DIY Podcast: Solar Arrays Audio Clips Transcript
International Space Station Expedition 12 Commander Bill McArthur discusses how electricity generated by solar arrays is used on the station. The following text is the transcript of McArthur's audio clips.

Bill McArthur: 1-a. Hi. Welcome on board the International Space Station. I'm Bill McArthur, commander of Expedition 12. I'd like to talk to you today about something that we think is pretty important.

2-a. As y'all are aware, there are certain things on Earth that are essential for life. I mean we all know that we have to have air to breathe, food to eat, water, fluids to drink. Well, in space there's something else that's also essential to life, and that's electricity.

3-a. So, where do we get electricity from? Of course we don't have a power company that runs lines to our house and that we can get electricity from as you do on the ground. The primary source on the International Space Station is something we call solar arrays. There are many terms that we'll use -- photovoltaic arrays, solar panels. We even sometimes call them solar wings.

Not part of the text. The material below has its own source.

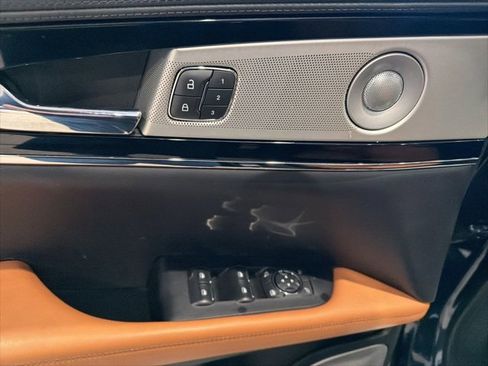 Used 2022 Lincoln Nautilus Black Label w/ Class II Trailer Tow Package image 10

4-a. On the U.S. segment, each solar array wing consists of two solar blankets or solar panels. Each panel consists of 16,400 little photovoltaic modules, little photovoltaic receptors. The sunlight -- when it shines on these photovoltaic modules, these photovoltaic arrays -- produces electricity. And then we use that electricity throughout the space station.

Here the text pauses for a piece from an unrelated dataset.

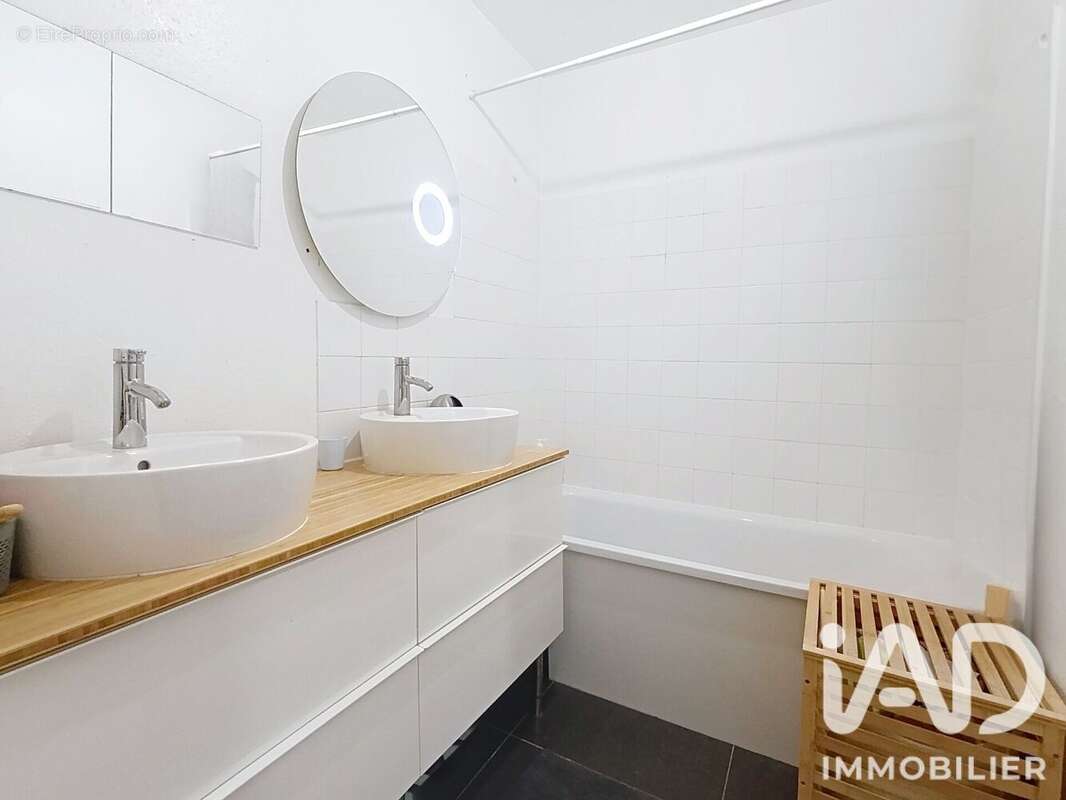 Photo 7 - Appartement à LE PLESSIS-TREVISE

5-a. Why would we command the solar arrays? Well, we've all been out in the sun and know that if you turn and close your eyes and turn your face up to the sun, how warm it feels. But if it's a little too hot, you turn away and get a little shading on your face, and it's cooler. Well, in order to generate as much electricity as possible, we always need to point our solar arrays so that the sun can shine directly on them. And so that's what we use the computer for -- to command the solar arrays.

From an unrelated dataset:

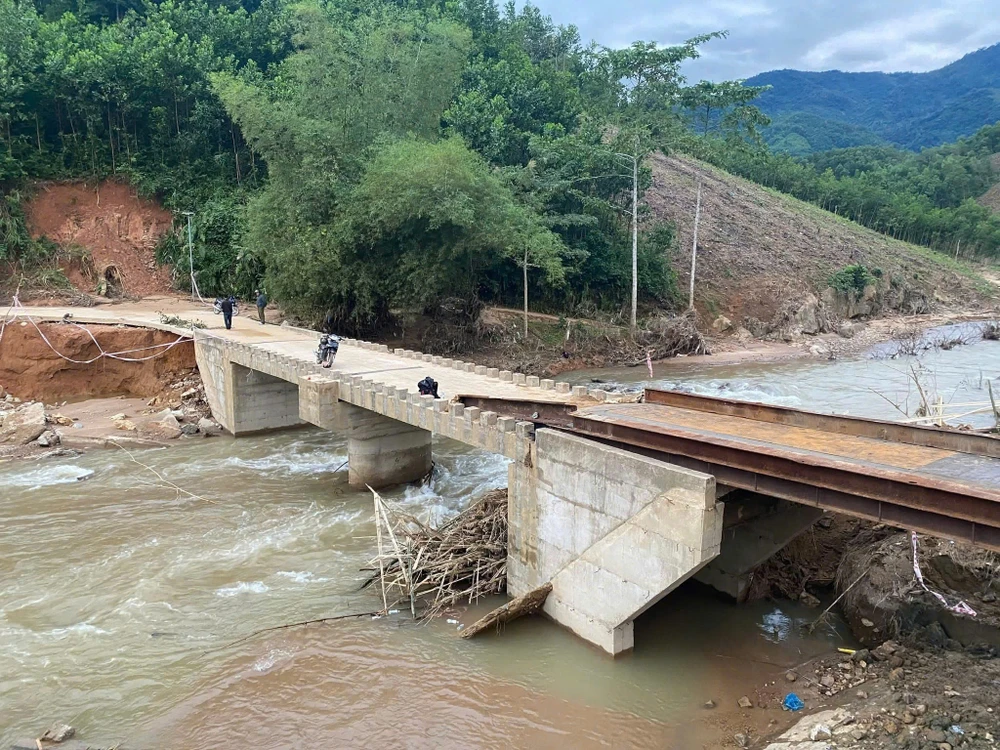Mưa lớn làm tan hoang nhiều tuyến đường, Quảng Ngãi dựng cầu tạm giúp dân đi lại an toàn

6-a. All that information is to tell us that the solar arrays are -- how much electricity they're generating, where the electricity is going and how the solar arrays are tracking the sun.

7-a. I mentioned just as food, air and water are essential to life on Earth, electricity is also essential to life on board the space station because we use the electricity that's generated on board the space station to manage our food, air and water.

8-a. We use electricity to circulate the oxygen -- the air -- throughout the space station. Unlike on Earth where you can just go outside and there's plenty of fresh air, we have only the air that we have brought and we maintain inside the space station. And there are no natural winds to circulate the air, so we have to use fans to move the air around. We have special filters to clean the air so it stays nice and fresh.

9-a. We also have to condition the air. Since we can't go outside and since we can't open any windows, any humidity in the air would just begin to accumulate. So we have to have air conditioners to make sure there's not too much humidity in the air.

10-a. And of course we like electricity to warm our food up so that it just tastes a little better.

11-a. We use electricity to purify the water. I mentioned that we take humidity -- we take moisture -- out of the air. Well, we collect that. We make sure we purify it. And then we break that water down into oxygen and hydrogen, and that's where some of the oxygen comes from that we use when we breathe.

12-a. In addition to the life support systems, of course you know that the purpose of the space station is to conduct scientific research on orbit. So, of course, we need electricity for our experiment.

13-a. We have a couple of racks, which are designed to study the human lung function. We have what's called a refrigerated centrifuge, and again, it's designed to help us conduct experiments on orbit. All of this equipment requires electricity.

14-a. Just like in your house, we have outlets along the wall where we can plug equipment in. We don't use exactly the same types of plugs that you would in your house. Ours are very, very secure. We don't want things to become unplugged by accident. And so we have to screw the connectors in.

15-a. We utilize all our electrical outlets all the time. And so it's very rare that we can actually turn the outlet off itself. So our extension cord has its own switches, and we can use those to turn equipment on and off.

16-a. Now you know. We really think electricity is a big deal. It's a little bit different here than it is on Earth. We use direct current instead of alternating current. We use 120 volts in the U.S. segment, 28 volts in the Russian segment.

17-a. You know where we get our electricity -- from the sun. We go around the Earth once every 90 minutes. Well, 45 minutes is in darkness. So what do we do when we're in darkness? Well, we use batteries. The electricity charges batteries. And when we're in darkness, we use the batteries to provide all the electrical power we need. The batteries on the U.S. segment are located outside where the solar arrays are. However, in the Russian segment we have 14 of these batteries mounted internally. They weigh about 200 pounds apiece. How would you like to see that in your car?

18-a. Just to sum it up, for us, electricity is life on board the space station. Without our solar panels, we wouldn't be able to fly. And, by golly, we sure have a good time up here. And so we're very grateful for the wonderful work that our solar panels do for us.